Short descriptive text snippets
--------------------------------

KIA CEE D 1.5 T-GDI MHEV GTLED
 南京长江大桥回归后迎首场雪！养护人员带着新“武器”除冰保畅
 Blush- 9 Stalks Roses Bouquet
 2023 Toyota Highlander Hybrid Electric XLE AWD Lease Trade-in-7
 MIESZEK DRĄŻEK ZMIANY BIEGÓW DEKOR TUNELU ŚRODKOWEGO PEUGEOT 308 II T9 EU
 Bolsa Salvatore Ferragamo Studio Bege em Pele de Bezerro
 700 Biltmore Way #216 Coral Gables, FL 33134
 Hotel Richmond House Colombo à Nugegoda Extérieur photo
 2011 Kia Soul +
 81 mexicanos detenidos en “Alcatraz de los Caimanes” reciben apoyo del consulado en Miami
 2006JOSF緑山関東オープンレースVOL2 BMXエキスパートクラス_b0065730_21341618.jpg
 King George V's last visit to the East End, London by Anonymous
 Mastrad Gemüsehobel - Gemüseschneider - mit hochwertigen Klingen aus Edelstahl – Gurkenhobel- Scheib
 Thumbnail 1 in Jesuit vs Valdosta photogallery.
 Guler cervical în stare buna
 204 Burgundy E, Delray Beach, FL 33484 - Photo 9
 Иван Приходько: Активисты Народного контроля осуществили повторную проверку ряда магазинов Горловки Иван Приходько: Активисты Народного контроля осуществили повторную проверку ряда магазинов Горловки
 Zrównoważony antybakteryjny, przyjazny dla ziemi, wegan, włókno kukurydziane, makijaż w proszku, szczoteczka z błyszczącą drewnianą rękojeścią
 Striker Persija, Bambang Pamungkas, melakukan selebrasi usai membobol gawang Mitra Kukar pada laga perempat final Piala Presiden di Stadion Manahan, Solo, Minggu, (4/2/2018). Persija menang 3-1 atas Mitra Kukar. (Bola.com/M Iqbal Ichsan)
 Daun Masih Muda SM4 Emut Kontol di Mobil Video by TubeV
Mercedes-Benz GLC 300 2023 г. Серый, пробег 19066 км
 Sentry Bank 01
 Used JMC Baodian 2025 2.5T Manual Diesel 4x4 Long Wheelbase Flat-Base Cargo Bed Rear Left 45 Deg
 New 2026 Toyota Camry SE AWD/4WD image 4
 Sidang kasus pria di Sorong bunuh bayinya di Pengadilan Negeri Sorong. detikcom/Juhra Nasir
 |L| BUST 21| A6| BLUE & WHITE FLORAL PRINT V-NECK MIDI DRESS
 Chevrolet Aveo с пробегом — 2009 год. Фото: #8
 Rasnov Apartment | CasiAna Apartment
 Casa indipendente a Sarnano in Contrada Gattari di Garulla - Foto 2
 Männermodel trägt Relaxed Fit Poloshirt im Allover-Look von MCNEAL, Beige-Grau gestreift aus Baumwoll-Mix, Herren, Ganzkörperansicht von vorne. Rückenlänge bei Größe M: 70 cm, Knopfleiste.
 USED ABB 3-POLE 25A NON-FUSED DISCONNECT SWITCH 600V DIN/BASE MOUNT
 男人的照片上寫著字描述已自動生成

--------------------------------

- WHAT TO PRODUCE
Copy each line of the records that has "Toyota" in it.

- WRITTEN REPLY
 2023 Toyota Highlander Hybrid Electric XLE AWD Lease Trade-in-7
 New 2026 Toyota Camry SE AWD/4WD image 4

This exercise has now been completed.